Budget 2017 is due to be presented. Stalling of private investments is something that would be playing heavily in the minds of policymakers.
Though the Narendra Modi government in the last few years has rebuilt the economy and put it on a stronger footing—primarily on the back of stronger government finances and spending—the banking sector crisis of NPAs (non-performing assets) and the stalled private investment cycle remains our Achilles heel. Recent statistics highlight the weak private investments in the Indian growth story.
The investment demand is at a five-year low, with the growth in gross fixed capital formation 2016-17 going into the negative territory of (-)0.2% compared to that of 2015-16. The share of fixed capital formation as a percentage of gross domestic product (GDP) has declined from 31.2% in the last year to 29.1% in the current year. The growth of GDP minus government consumption is also at a five-year low; it has declined to 5.2% in 2016-17 compared to 8.2% in 2015-16. These figures point to a disturbing aspect of 2016-17—slump in private investments. The cause of this needs to be understood and the decline needs to be reversed before the increased public spending to compensate for the lack of private investments starts hitting fiscal walls. This budget needs to squarely address the decline in gross capital formation and GDP growth minus government expenditure.
In order to restart private investments, the Indian economy has to go back to its entrepreneurs. Public-private partnerships (PPPs) are another way to restart investments whilst taking cognizance of private investor concerns of risks. PPPs during the United Progressive Alliance (UPA) regime had become an ugly form of exploitation and loot. This government already has the Vijay Kelkar committee report that described a new, more transparent and equitable way to plan PPPs. This report was submitted in December 2015. The report reaffirms my views, especially on the need for strong and independent regulators. This needs to be finalized at the earliest so that PPPs can develop in a sounder, more transparent framework. A clear and transparent contractual framework is also good for genuine investors who do not need to face the risk of future reviews and pressures as governments change. The government must quickly set up a national facilitation committee for the resolution of prickly project issues.

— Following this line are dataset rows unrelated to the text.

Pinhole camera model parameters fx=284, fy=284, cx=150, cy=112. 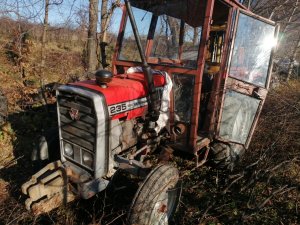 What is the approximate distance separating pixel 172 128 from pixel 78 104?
1370 millimetres

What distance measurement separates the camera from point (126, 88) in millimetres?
3178

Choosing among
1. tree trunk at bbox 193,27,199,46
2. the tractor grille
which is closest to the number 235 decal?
the tractor grille

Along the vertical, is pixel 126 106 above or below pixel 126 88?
below

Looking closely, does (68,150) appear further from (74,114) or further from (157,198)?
(157,198)

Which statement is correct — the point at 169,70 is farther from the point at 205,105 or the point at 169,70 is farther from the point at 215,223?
the point at 215,223

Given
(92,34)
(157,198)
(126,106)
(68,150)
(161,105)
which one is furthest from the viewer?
(92,34)

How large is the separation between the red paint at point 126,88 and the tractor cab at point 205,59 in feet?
1.08

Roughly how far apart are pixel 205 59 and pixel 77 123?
1.99 m

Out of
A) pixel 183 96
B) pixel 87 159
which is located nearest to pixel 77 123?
pixel 87 159

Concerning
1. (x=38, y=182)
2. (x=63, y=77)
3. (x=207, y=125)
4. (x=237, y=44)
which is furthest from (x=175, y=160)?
(x=63, y=77)

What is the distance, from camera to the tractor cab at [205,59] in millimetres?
3613

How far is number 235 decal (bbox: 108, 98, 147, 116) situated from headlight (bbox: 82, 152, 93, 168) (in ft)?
1.75

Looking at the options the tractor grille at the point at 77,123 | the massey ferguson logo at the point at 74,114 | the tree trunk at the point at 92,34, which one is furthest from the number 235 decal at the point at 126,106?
the tree trunk at the point at 92,34

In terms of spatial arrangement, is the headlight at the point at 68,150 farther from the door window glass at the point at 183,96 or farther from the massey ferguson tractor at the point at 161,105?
the door window glass at the point at 183,96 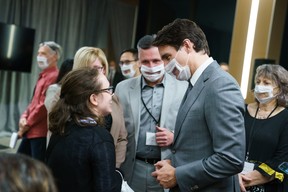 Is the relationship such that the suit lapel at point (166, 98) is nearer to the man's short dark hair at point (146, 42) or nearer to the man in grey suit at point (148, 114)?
the man in grey suit at point (148, 114)

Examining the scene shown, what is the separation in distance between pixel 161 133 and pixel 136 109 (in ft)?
0.83

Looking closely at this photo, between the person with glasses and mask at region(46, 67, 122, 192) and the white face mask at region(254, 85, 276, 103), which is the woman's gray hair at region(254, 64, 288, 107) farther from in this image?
the person with glasses and mask at region(46, 67, 122, 192)

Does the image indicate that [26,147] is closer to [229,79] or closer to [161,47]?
[161,47]

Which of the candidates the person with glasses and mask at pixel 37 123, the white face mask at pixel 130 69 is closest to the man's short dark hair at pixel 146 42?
the white face mask at pixel 130 69

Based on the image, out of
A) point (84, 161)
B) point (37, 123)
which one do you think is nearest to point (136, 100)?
point (84, 161)

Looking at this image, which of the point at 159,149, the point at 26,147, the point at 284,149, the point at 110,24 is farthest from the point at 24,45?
the point at 284,149

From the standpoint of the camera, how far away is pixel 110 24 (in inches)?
273

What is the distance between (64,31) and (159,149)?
482 cm

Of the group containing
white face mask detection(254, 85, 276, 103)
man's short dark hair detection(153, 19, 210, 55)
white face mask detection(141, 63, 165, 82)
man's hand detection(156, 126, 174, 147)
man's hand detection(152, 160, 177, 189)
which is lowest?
man's hand detection(152, 160, 177, 189)

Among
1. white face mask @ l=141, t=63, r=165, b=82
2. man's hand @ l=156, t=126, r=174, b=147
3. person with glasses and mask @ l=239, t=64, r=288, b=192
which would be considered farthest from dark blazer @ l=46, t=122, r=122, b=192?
person with glasses and mask @ l=239, t=64, r=288, b=192

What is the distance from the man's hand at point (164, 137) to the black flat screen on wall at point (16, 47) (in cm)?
403

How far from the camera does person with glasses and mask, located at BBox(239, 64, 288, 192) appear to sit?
6.63 feet

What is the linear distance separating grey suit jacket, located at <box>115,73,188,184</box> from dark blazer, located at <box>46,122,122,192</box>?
0.61m

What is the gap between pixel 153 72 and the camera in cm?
200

Consumption was the one robust component of growth for the last many years and it’s important that it continue to power our economic engine. Budget 2017 is more crucial and important for the Modi government than even the 2014-15 budget, more so because this budget would have to address any residual fallout of demonetisation for consumption. Without making the mistakes of UPA’s 2008 consumption boost, this government will need to boost sectors like automobiles, fertilizers, cement and also lower tax rates for individuals. A Crisil Research report recently said: “Domestic consumption must be boosted by improving purchasing power, especially among the rural population and workers in the unorganized sector and smoothening transaction process in cash-driven sectors. This will help remove the short-term constraint of low capacity utilization in the industry and pave the way for investment recovery.”

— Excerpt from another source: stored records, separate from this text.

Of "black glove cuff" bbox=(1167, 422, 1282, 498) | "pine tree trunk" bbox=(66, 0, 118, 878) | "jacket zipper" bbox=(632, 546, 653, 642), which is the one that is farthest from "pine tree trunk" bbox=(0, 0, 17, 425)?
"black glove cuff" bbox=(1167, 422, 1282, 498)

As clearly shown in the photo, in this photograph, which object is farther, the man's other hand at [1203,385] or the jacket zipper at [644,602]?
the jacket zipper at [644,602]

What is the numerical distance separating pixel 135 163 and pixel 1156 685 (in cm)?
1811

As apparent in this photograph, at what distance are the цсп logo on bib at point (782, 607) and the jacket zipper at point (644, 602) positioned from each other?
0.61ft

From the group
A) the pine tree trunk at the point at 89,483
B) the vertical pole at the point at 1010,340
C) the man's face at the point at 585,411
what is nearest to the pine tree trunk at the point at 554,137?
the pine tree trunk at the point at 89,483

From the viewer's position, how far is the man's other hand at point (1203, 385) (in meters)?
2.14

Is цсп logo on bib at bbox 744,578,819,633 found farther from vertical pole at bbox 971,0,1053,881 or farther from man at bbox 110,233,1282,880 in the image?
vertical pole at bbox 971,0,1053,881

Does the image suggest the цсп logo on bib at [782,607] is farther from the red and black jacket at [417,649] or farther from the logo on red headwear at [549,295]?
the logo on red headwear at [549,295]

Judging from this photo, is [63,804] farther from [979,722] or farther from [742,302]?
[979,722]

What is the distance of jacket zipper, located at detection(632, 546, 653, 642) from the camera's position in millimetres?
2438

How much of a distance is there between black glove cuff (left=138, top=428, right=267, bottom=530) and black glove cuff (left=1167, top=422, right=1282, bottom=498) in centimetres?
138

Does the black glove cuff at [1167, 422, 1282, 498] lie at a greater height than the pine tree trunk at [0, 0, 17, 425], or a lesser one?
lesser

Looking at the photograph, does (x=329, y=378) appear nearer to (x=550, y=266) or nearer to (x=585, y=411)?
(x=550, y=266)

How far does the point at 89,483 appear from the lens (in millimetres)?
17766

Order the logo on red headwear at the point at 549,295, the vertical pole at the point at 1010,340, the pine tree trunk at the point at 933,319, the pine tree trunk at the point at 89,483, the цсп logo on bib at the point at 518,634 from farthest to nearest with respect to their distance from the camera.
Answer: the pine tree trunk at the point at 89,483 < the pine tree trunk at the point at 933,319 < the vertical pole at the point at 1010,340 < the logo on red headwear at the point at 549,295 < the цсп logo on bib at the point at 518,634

One of the major factors that has been holding back the revival of private capital formation is the miserable state of the Indian banking system, which has been marred by the ever-growing NPAs problem—something that I have been raising my voice about since 2010. Due to the risk aversion of public sector banks, they have started focusing more on personal and housing loans than on corporate loans. There has been a dramatic fall in the infrastructure lending by banks since August 2011, which had an year-on-year growth of 22.89%, to an year-on-year growth of (-) 3.06% in July 2016. I have been arguing for the government’s decisive tackling of this issue—including the creation of a sovereign-backed “bad loan bank” which takes over the bad loans and focuses on recoveries, leaving banks to continue with their lending in a more responsible manner. The banking sector represents a significant problem in attracting FDI (foreign direct investment) and investments. At a recent summit about India hosted by the Milken Institute in the US, investors reiterated that their equity investments or FDI would look for matching rupee credit from the banking systems, and with a banking system that’s perceived to be broken, investments will wait on the sidelines.

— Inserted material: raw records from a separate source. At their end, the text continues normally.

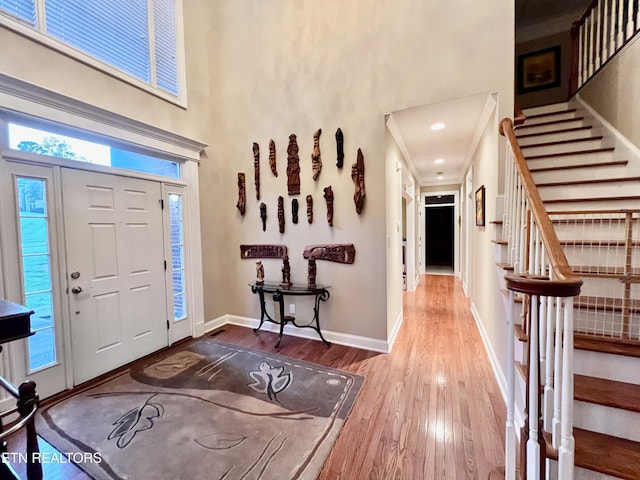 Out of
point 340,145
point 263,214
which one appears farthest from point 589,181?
point 263,214

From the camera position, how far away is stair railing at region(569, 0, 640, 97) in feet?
8.76

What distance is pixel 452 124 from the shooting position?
3119mm

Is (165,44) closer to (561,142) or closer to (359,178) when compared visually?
(359,178)

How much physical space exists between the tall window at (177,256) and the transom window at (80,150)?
1.23 feet

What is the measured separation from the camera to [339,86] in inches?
119

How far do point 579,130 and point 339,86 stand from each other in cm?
294

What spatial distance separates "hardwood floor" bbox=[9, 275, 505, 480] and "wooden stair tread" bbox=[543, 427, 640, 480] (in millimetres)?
443

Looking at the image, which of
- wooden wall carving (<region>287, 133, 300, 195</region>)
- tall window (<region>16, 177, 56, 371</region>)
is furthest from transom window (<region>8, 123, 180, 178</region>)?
wooden wall carving (<region>287, 133, 300, 195</region>)

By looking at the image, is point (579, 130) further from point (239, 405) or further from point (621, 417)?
point (239, 405)

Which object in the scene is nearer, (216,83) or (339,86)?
(339,86)

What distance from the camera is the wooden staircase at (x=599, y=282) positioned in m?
1.30

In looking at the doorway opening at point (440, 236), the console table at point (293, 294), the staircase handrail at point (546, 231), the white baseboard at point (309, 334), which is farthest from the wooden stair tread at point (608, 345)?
the doorway opening at point (440, 236)

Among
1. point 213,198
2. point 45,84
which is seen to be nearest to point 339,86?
point 213,198

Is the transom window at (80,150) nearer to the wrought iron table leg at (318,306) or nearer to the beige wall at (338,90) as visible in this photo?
the beige wall at (338,90) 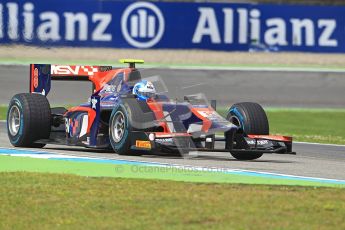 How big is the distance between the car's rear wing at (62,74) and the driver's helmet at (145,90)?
100cm

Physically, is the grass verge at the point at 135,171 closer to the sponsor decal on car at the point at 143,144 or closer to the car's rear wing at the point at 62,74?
the sponsor decal on car at the point at 143,144

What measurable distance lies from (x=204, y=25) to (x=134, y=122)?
15.4 meters

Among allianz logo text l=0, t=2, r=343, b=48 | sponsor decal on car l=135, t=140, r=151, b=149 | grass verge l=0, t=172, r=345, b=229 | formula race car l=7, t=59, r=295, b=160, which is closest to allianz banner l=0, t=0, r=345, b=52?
allianz logo text l=0, t=2, r=343, b=48

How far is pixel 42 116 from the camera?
1224 cm

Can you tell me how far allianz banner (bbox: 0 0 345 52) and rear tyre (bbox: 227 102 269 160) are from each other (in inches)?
542

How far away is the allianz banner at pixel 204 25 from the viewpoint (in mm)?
25391

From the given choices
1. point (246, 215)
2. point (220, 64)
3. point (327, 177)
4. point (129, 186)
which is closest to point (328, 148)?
point (327, 177)

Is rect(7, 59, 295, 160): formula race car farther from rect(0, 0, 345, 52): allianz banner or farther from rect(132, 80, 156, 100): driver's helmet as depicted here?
rect(0, 0, 345, 52): allianz banner

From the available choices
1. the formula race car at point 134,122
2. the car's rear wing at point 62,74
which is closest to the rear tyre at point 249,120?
the formula race car at point 134,122

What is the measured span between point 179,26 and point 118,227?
769 inches

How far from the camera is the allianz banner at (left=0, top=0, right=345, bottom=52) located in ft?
83.3

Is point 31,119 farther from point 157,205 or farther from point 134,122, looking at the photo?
point 157,205

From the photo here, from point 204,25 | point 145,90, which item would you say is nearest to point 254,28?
point 204,25

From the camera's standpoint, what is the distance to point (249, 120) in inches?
451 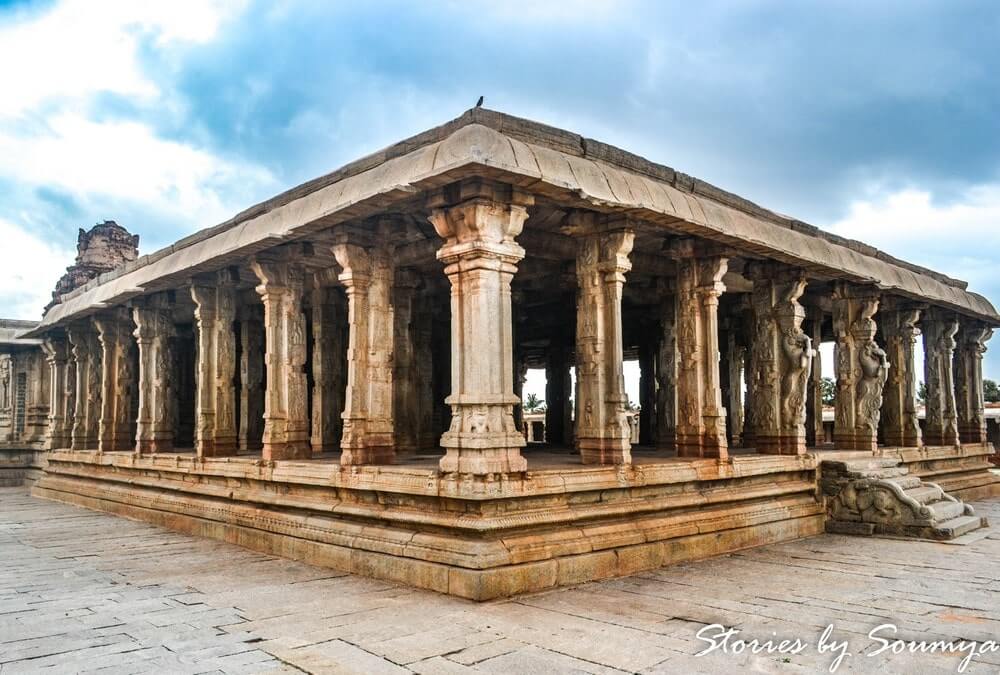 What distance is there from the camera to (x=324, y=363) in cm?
1238

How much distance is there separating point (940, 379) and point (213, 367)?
40.7 feet

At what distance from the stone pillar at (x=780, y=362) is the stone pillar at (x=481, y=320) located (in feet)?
15.7

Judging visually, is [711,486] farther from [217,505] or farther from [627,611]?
[217,505]

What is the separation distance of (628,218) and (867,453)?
5826 mm

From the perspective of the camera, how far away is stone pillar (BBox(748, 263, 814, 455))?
1046 centimetres

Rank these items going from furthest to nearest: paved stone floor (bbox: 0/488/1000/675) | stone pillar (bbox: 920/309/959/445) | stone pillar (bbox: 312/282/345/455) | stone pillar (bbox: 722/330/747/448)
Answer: stone pillar (bbox: 722/330/747/448)
stone pillar (bbox: 920/309/959/445)
stone pillar (bbox: 312/282/345/455)
paved stone floor (bbox: 0/488/1000/675)

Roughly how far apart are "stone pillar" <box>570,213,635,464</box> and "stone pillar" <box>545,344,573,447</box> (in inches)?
369

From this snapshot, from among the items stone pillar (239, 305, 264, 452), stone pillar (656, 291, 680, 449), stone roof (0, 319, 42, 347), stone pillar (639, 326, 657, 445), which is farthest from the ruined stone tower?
stone pillar (656, 291, 680, 449)

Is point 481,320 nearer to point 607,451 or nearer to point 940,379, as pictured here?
point 607,451

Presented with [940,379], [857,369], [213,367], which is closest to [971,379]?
[940,379]

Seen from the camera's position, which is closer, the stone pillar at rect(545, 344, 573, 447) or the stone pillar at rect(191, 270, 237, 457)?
the stone pillar at rect(191, 270, 237, 457)

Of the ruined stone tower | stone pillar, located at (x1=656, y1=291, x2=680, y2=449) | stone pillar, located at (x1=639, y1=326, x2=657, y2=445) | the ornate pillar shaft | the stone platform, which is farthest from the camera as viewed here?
the ruined stone tower

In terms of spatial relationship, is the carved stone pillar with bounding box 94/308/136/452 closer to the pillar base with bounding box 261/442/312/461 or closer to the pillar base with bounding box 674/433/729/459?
the pillar base with bounding box 261/442/312/461

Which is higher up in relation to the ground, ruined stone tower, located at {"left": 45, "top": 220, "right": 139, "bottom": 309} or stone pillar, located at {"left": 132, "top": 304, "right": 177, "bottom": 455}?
ruined stone tower, located at {"left": 45, "top": 220, "right": 139, "bottom": 309}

With demonetisation, there is now a move to improve the quality of our economy. A myopic obsession with numbers sometimes tends to create a distortionary picture which just helps to cover up disparities. demonetisation has faced the issue of quality of economy head on, and will further improve it over the medium to long term by propelling it towards a minimum-cash digital economy. It is crucial for the government to further push its agenda of creating a transparent and digital economy by lower tax rates to encourage compliance and disincentivize further expansion of the black economy. The government will also need to give a boost to improving and expanding digital infrastructure under the National Optical Fibre Network project, as well as provide incentives to telecom service providers to create last-mile connectivity.
Budget 2017 and the year 2017-18 will prove to be the defining year of the Narendra Modi government. It has already made considerable progress on its promise of transforming India. This year could give it more economic momentum and direction in terms of jobs and investments.